Adaptive Anytime Multi-Agent Path Finding Using Bandit-Based Large Neighborhood Search
Thomy Phan, Taoan Huang, Bistra Dilkina, Sven Koenig
TL;DR
BALANCE addresses the scalability bottleneck in Anytime MAPF by introducing a bi-level bandit framework that adaptively selects destroy heuristics and neighborhood sizes during Large Neighborhood Search. The top-level bandit chooses a destroy heuristic $H\in\mathcal{H}$, while a bottom-level bandit per $H$ selects an exponent $e$ to determine $N=2^{e}$, with rewards defined as the cost improvement $x_k=\max\{0,c(P)-c(P^{+})\}$. Instantiations using Roulette Wheel, UCB1, and Thompson Sampling demonstrate that online, reward-driven adaptation significantly improves performance across benchmark maps, with BALANCE-TS often yielding the best results and reducing dependence on prior tuning. Across large-scale MAPF scenarios, BALANCE achieves cost improvements of at least 50% over state-of-the-art baselines, illustrating strong practical impact and the viability of online bandit-based adaptation for complex multi-agent planning.
Abstract
Anytime multi-agent path finding (MAPF) is a promising approach to scalable path optimization in large-scale multi-agent systems.

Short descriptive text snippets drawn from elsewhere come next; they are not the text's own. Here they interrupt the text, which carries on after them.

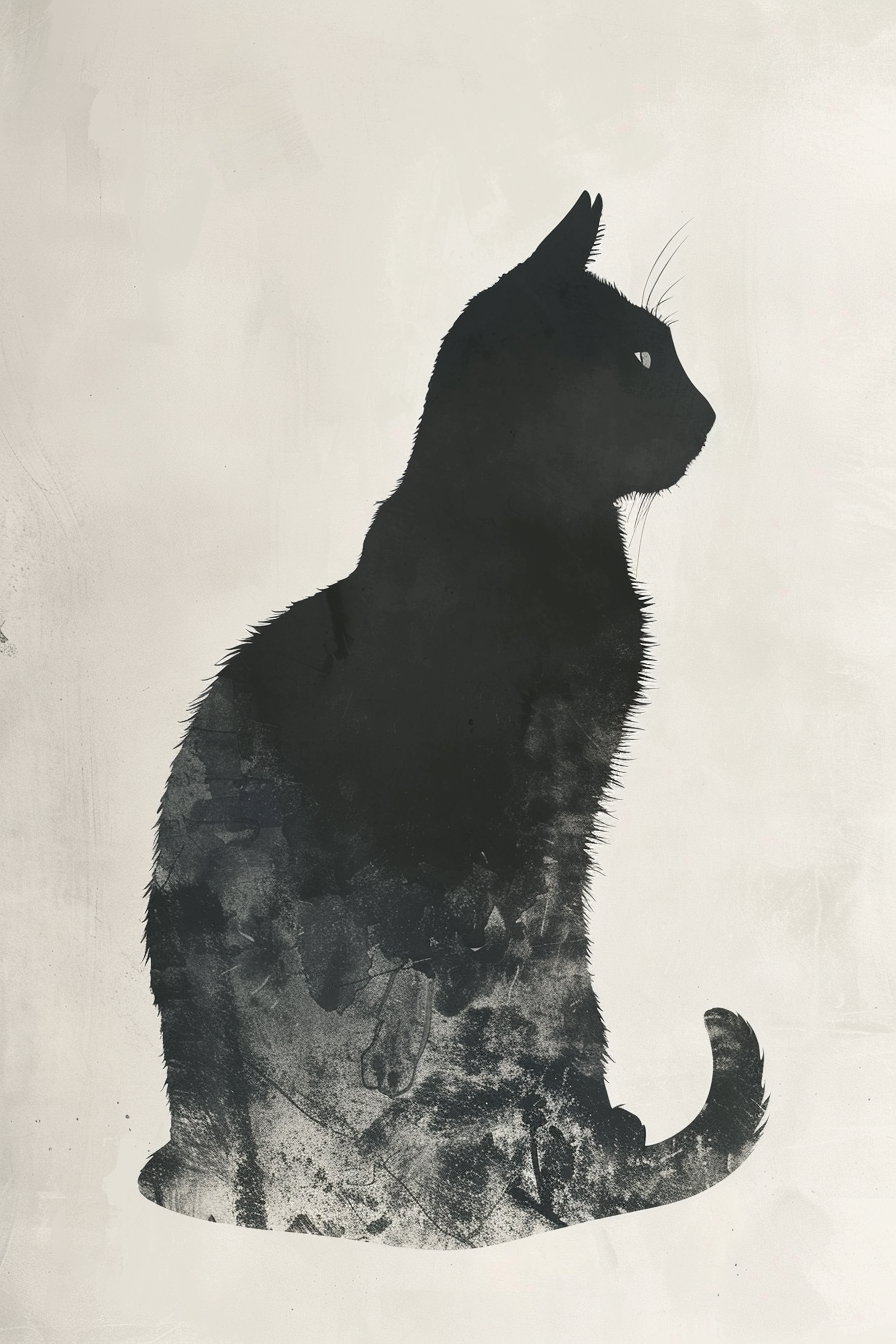 Minimalist black cat silhouette with gradient shadow art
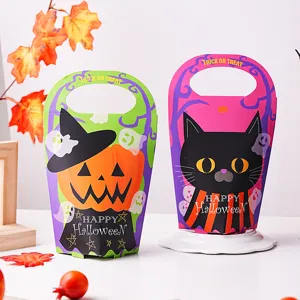 Halloween Party Portable Candy Gift Boxes Cartoon Pumpkin Cat Paper Box Holiday Favor Packaging Box Folding Treats Carton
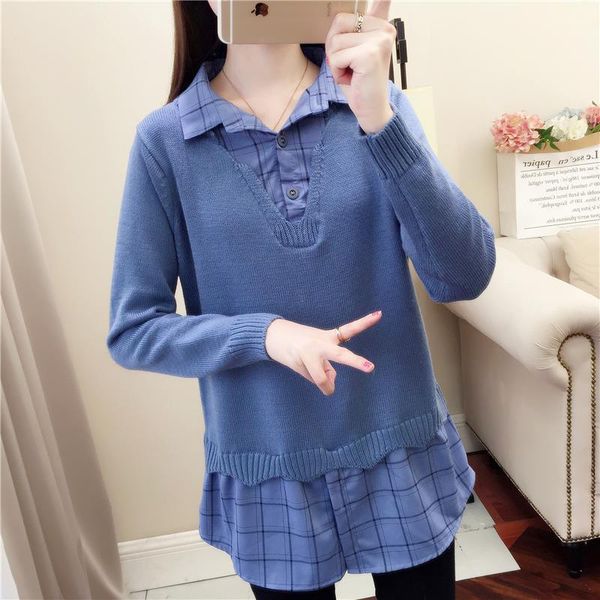 spring autumn style fake two-piece knitted sweater pullover lady casual turn-down collar long sleeve knitted pullover zz1000, White;black
spring autumn style fake two-piece knitted sweater pullover lady casual turn-down collar long sleeve knitted pullover zz1000, White;black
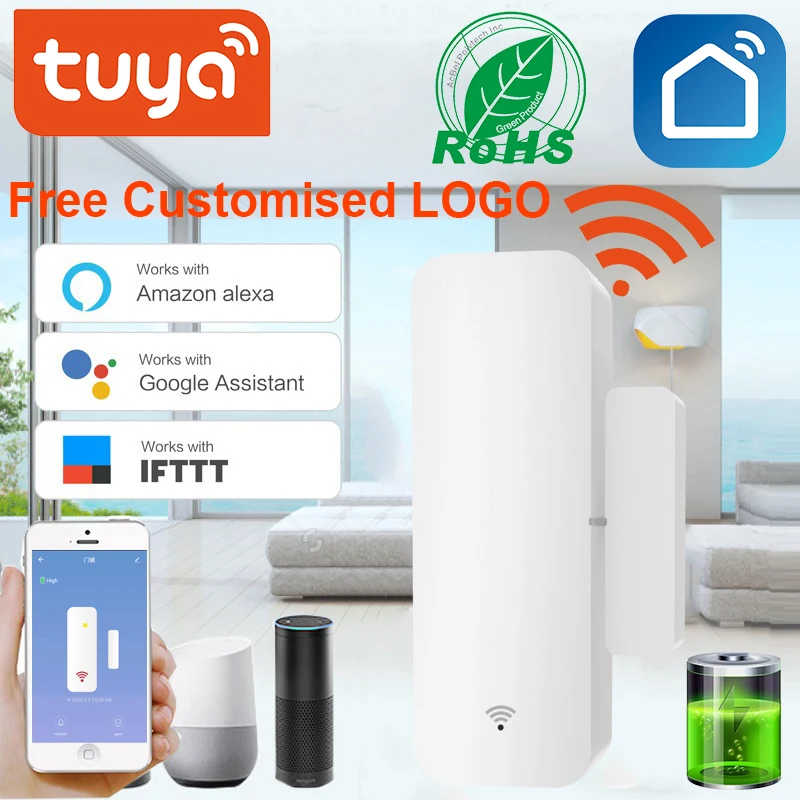 Wi Fi дверной сенсор открытой двери/закрытый Tuya Smart детекторы совместим с Alexa Google Home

State-of-the-art anytime MAPF is based on Large Neighborhood Search (LNS), where a fast initial solution is iteratively optimized by destroying and repairing a fixed number of parts, i.e., the neighborhood, of the solution, using randomized destroy heuristics and prioritized planning. Despite their recent success in various MAPF instances, current LNS-based approaches lack exploration and flexibility due to greedy optimization with a fixed neighborhood size which can lead to low quality solutions in general. So far, these limitations have been addressed with extensive prior effort in tuning or offline machine learning beyond actual planning. In this paper, we focus on online learning in LNS and propose Bandit-based Adaptive LArge Neighborhood search Combined with Exploration (BALANCE). BALANCE uses a bi-level multi-armed bandit scheme to adapt the selection of destroy heuristics and neighborhood sizes on the fly during search. We evaluate BALANCE on multiple maps from the MAPF benchmark set and empirically demonstrate cost improvements of at least 50% compared to state-of-the-art anytime MAPF in large-scale scenarios. We find that Thompson Sampling performs particularly well compared to alternative multi-armed bandit algorithms.